Kewenangan Sita dan Blokir Aset Tersangka Pidana Pajak
Selain mengusulkan tambahan kewenangan penangkapan dan penahanan tersangka, pemerintah juga berencana memberikan kewenangan bagi penyidik pajak untuk menyita dan memblokir aset milik tersangka tindak pidana pajak.
“Kalau nanti ternyata terbukti dia melakukan pidana pajak, kerugian negaranya bisa dipulihkan,” ujar Direktur Peraturan Perpajakan I DJP Hestu Yoga Saksama.
Dalam ketentuan yang berlaku pada saat ini, penyidik hanya memiliki kewenangan untuk melakukan penyitaan atas bahan bukti tindak pidana pajak. Penyidik tidak memiliki kewenangan untuk menyita harta kekayaan milik tersangka. (DDTCNews)
Respons Pelaku UMKM
Asosiasi UMKM Indonesia (Akumindo) khawatir dengan rencana pengenaan pajak penghasilan (PPh) minimum dalam skema alternative minimum tax (AMT). Rencana itu dinilai akan memberatkan pelaku usaha dan berpotensi menghambat pengembangan usaha.
"Kami meminta UMK tetap dikenakan pajak final sebesar 0,5% dari omzet atau dengan alternatif pilihan dikenai PPh sesuai Pasal 31E UU PPh," ujar Ketua Umum Akumindo Ikhsan Ingratubun. Simak pula ‘Pengecualian PPh Minimum WP Badan Rugi Bakal Diatur dalam PMK’. (DDTCNews/Kontan)
Insentif Pasal 31E UU PPh
Direktur Peraturan Perpajakan I DJP Hestu Yoga Saksama mengatakan tarif PPh badan yang makin rendah membuat insentif Pasal 31E UU PPh menjadi tidak relevan.
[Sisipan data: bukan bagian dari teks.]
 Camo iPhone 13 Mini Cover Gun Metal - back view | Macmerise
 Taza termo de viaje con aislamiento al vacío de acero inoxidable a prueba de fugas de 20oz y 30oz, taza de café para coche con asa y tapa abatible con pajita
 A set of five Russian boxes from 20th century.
Oleh karena itu, pemerintah mengusulkan penghapusan pasal tersebut dalam RUU KUP yang tengah dibahas bersama DPR.
"Mengingat PPh badan sudah mulai menurun, 22% dan 20% nanti [2022], kami melihat insentif ini sepertinya sudah tidak relevan lagi," katanya. (DDTCNews/Kontan)
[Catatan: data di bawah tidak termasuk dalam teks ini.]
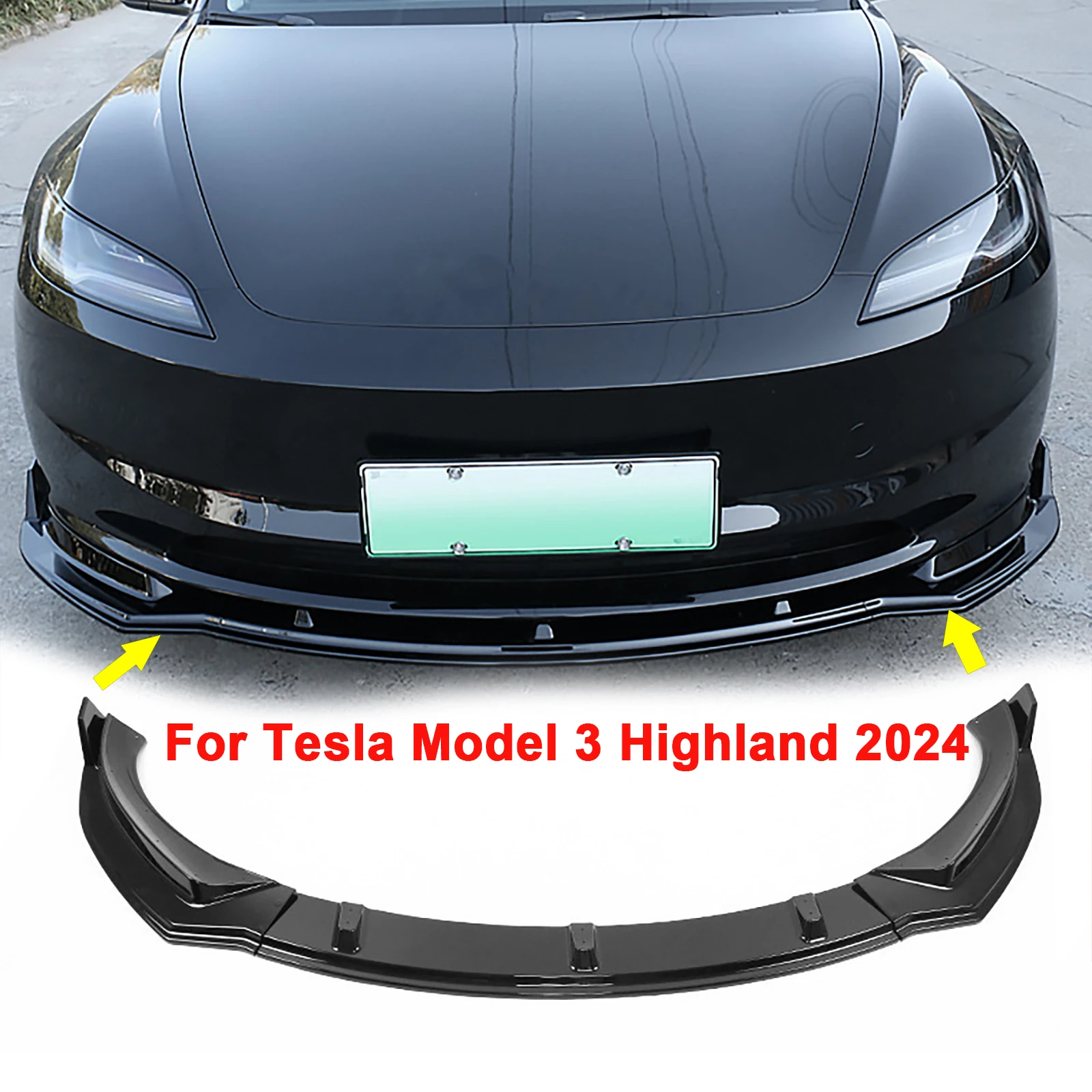 

Glossy Black Car Front Bumper Lip Diffuser Spoiler fit for Tesla Model 3 Highland 2024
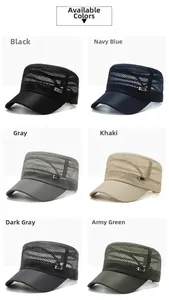 Detail view of quick-dry mesh flat top hats in six colors with S-P metal emblem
DJP Tutup 2 Aplikasi Elektronik
Kemarin, Selasa (31/8/2021), DJP menutup dua aplikasi elektronik, yaitu aplikasi e-form versi lama dan aplikasi electronic filing identification number (EFIN) yang sebelumnya dapat diakses pada laman efin.pajak.go.id.
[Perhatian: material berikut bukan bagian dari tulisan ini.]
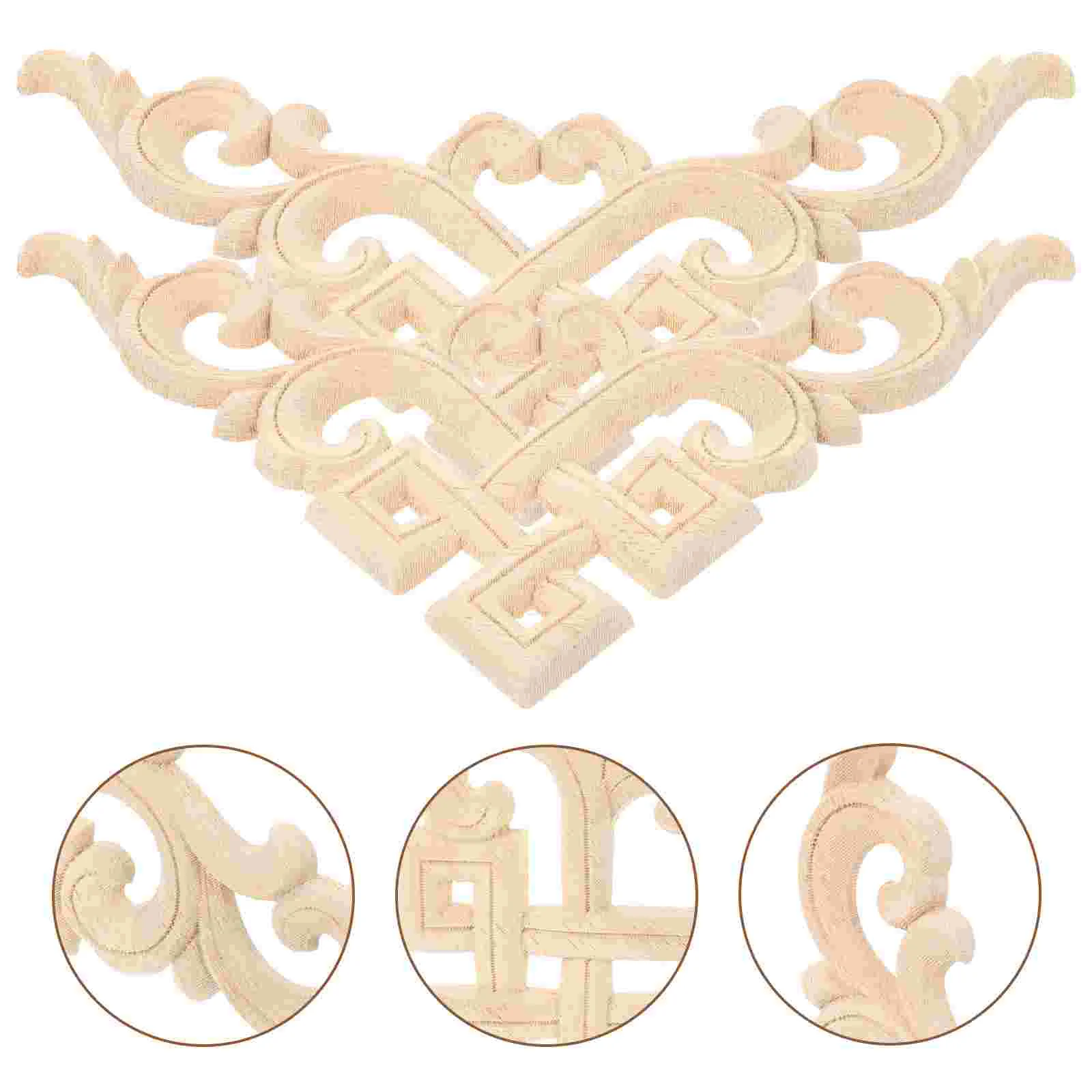 

Wood Applique Wooden Onlay Carved Decorative Corner Furniture Appliques Onlays Cabinet Wall Decorations Supplies U Carving Bend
“#KawanPajak bisa menggunakan e-form versi pdf dan melakukan proses aktivasi/lupa EFIN melalui kantor pelayanan pajak,” tulis DJP dalam unggahannya di Instagram. Simak ‘Mulai Sekarang, 2 Aplikasi Elektronik Ini Ditutup DJP’. (DDTCNews)
Penerbitan Kode Billing
DJP memastikan layanan elektronik otoritas berjalan normal. Pernyataan DJP ini merespons keluhan sejumlah wajib pajak yang mengalami kendala saat melakukan pembayaran melalui perbankan pada Senin (30/8/21).
Direktur Teknologi Informasi dan Komunikasi DJP Iwan Djuniardi menegaskan tidak ada gangguan sistem yang terjadi pada layanan elektronik otoritas sejak kemarin. Menurutnya, sistem penerbitan kode billing berjalan optimal.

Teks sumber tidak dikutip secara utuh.